The bill allows private health insurance plans that cover elective abortion to receive government subsidies (Section 222(e)(2)) The bill includes language purporting to segregate “federal dollars” from “private dollars” that are used to pay for abortions (Sections 303(e)(2); 341(c)(3)), but nothing alters the fact that this provision allows government dollars to go to private plans that cover abortion.
This is not a “pro-life” or even “abortion neutral” provision. It changes the status quo on federal funds being used towards insurance plans that provide abortion coverage. In the Federal Employees Health Benefits Program (FEHBP), the government contributes to premiums of federal employees in order to allow them to purchase private health insurance. The Financial Services and General Government Appropriations bill that provides funding for the FEHB program has annually prohibited these government contributions from being used towards insurance plans that cover abortion since 1983 (with the exception of 1993-1995).
3. In addition, in each state, the health-insurance market must include one plan that does cover abortion, and one plan that does not. But because the vast majority of insurers currently do cover the procedure, pro-choicers view the provision as a step forward for the opposition. “That kind of leans toward the pro-life position,” Waxman said.
The bill does require that there be one insurance company in each region that does not directly reimburse for abortion. However, calling this measure pro-life leaning ignores the fact that for the first time the government is mandating that there be a private insurance company that does provide abortion coverage in each region.

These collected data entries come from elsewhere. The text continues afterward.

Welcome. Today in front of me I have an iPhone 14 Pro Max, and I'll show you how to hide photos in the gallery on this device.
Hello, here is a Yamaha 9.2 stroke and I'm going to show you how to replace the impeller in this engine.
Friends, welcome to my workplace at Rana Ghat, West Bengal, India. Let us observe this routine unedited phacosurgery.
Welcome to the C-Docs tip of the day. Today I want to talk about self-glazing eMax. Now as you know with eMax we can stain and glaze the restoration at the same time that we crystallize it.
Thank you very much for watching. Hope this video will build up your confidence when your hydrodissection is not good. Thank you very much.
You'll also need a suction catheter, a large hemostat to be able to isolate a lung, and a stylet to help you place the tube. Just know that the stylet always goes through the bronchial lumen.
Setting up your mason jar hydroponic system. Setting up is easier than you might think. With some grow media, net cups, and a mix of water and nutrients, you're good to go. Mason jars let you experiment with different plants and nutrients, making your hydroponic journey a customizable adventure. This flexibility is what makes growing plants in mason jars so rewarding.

Another provision of H.R. 3962 severely limits the extent an insurance company is allowed to be “pro-life.” Sec. 304(d) prevents any private insurance company participating in the Exchange from choosing not to contract with abortion providers.

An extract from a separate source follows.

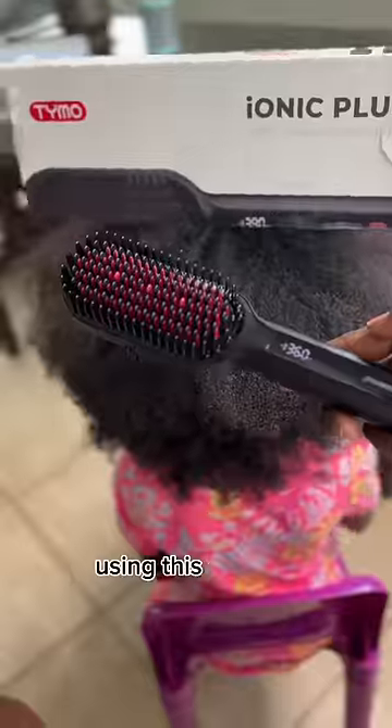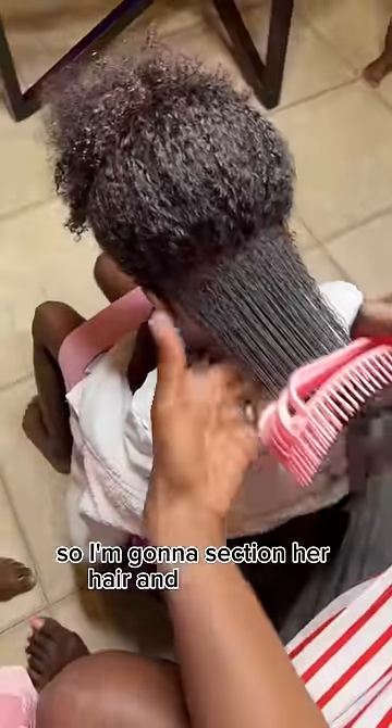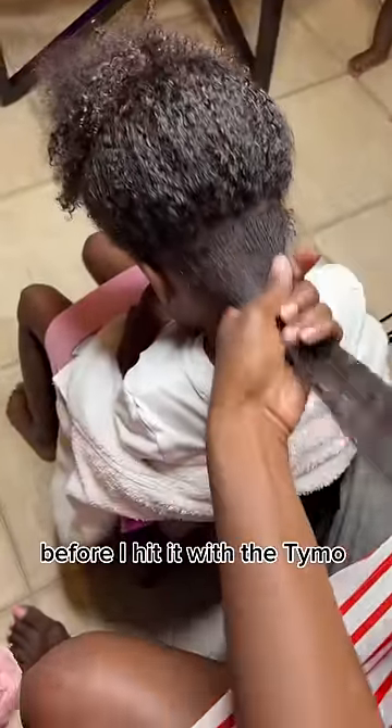Let's go from this to this, using this and this. This Tymo heat protectant smells so good and it's infused with essential oils. I'm gonna section her hair and detangle it before I hit it with the Tymo hair straightener.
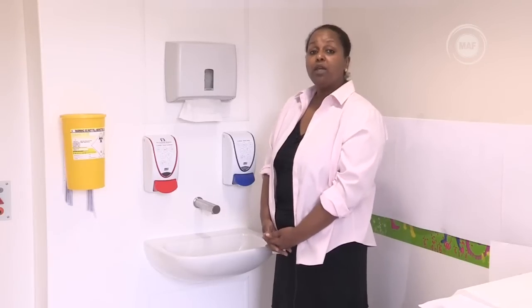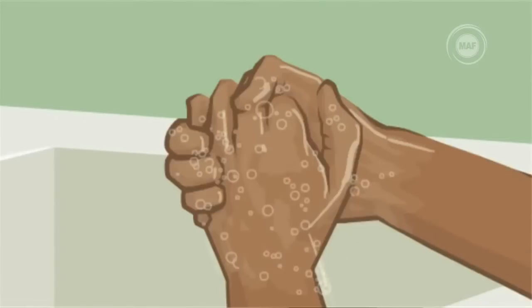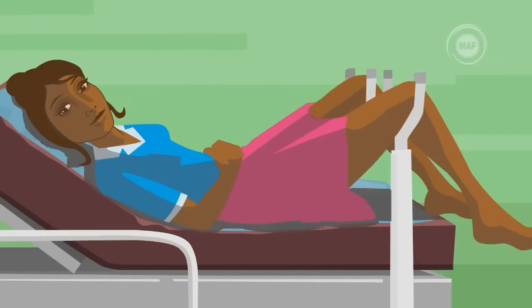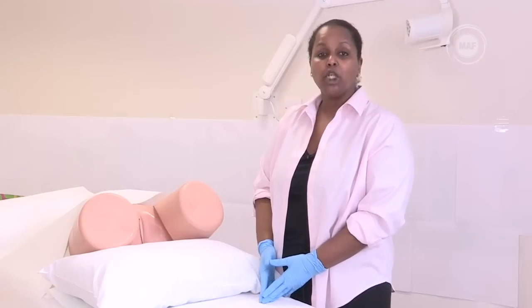Once you have the equipment and examination room ready, you can have the woman get into position while you wash your hands and put on your gloves. The woman will need to lie on an examination table or bed in the lithotomy position with her legs open and her knees supported. If leg supports are not available, a chair can be used to support her legs by putting her feet on the edge of the chair.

4. Adam Sonfield, senior public policy associate at the Guttmacher Institute, which researches reproductive health issues, told The Daily Beast, “Currently, it’s not that we can’t pay for coverage that includes abortions. It’s that we can’t cover abortions. The [Stupak] standard is stricter than the standard in Hyde.”
The “Stupak standard” is not stricter than current federal law. No federal dollars are used to pay for elective abortions or to subsidize insurance plans that cover abortions, period. That includes Medicaid, the Federal Employees Health Benefits Program, the State Children’s Health Insurance Program, and other programs. As explained above, insurance plans that include abortion coverage cannot receive government subsidies through the FEHBP. In other words, federal employees cannot choose plans that include abortion coverage.

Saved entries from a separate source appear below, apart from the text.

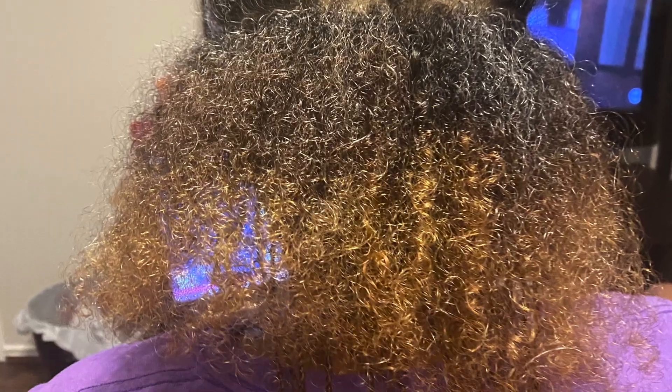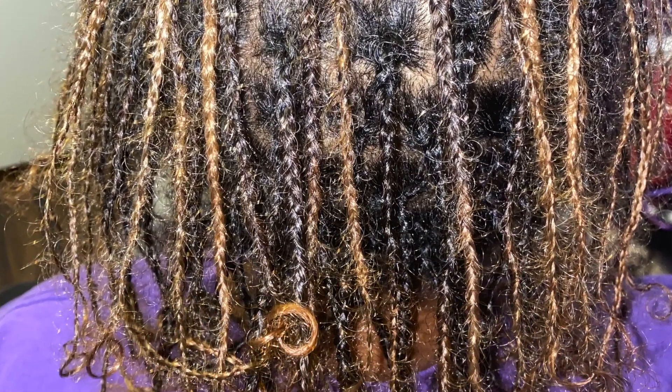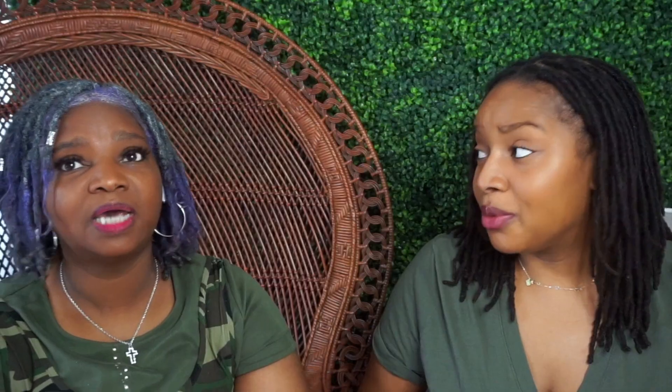So now you can start off by telling everybody how the journey has been so far. I don't remember when we locked her hair. Was it October 2020? It was October 2020, and they started off as braids. We had to braid it because twisting did not last — it wouldn't take.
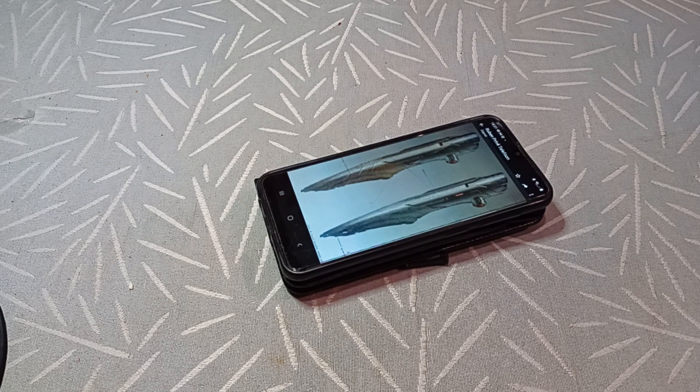I was the first at the time to make this Sabre. There are a few that made their Sabres after me, which are much better than mine. Mine is really a budget creation.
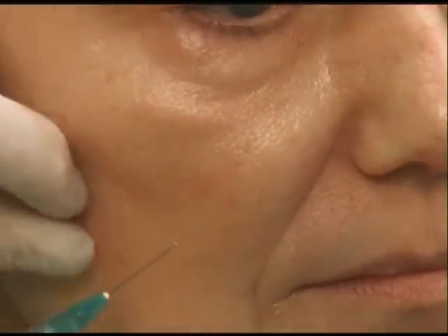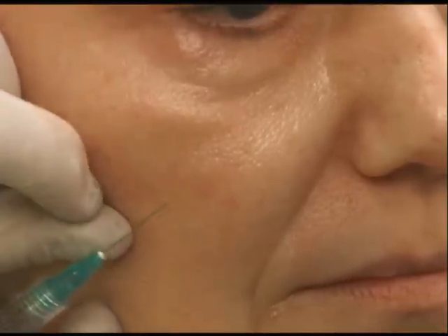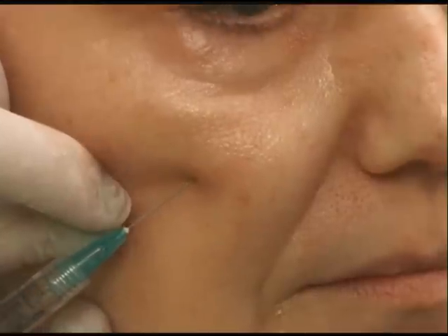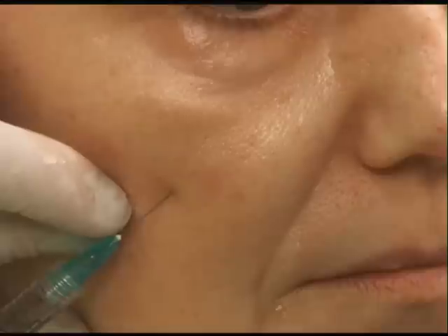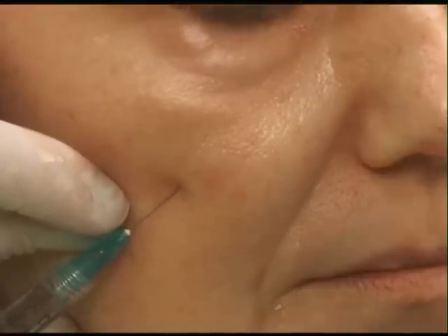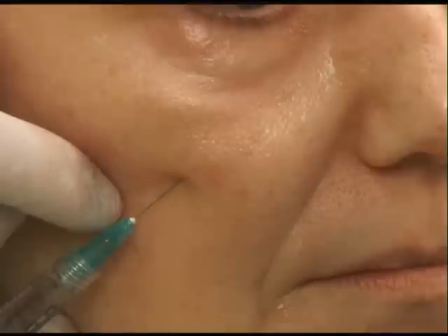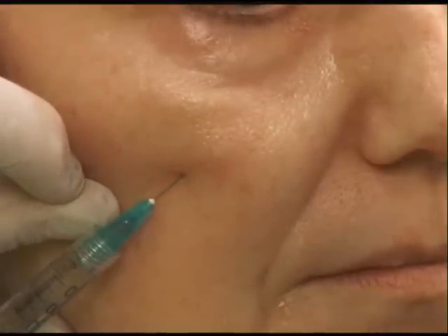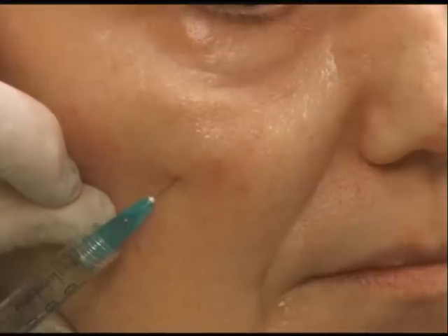I like to try to get under the eye and across the anterior malar area with one puncture if possible. I just advance my needles and use larger needles. Right now I'm using a 28-gauge, 3/4-inch needle, which is a great workhorse for a lot of areas. She has the little malar separation here that we're going to start filling. I'm subdermal — there's no resistance as I advance, and I inject as I go. You can kind of see it fill as I'm going in.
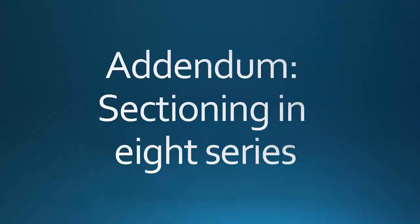I wanted to give a brief addendum to the sectioning process because I've realized that in order to preserve more brain tissue, we may want to change exactly how many series we section. So a brief revisitation to what I had described in another video — the Vibratome sectioning video.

The status quo is that federal dollars do not pay for abortions and that federal dollars do not subsidize insurance plans that include abortion coverage.
Sonfield was correct when he stated “Just because there are a lot more Democrats than Republicans doesn’t mean there are a lot more pro-choice people.” There are a number of pro-life Democrats in Congress who disagree with their Party’s platform on abortion. A similar observation can be made about the American public — a majority of Americans identify themselves as “pro-life.”
It is important to note that an even greater majority of Americans do not support federal funding of abortion. Opposing federal subsidies for abortion is not just a “pro-life” position.
H.R. 3962’s abortion funding provisions are not what the majority of Americans want. They are not what President Obama promised in September when he told a joint session of Congress, “under our plan no federal dollars would be used to fund abortion.” They are not “pro-life” leaning.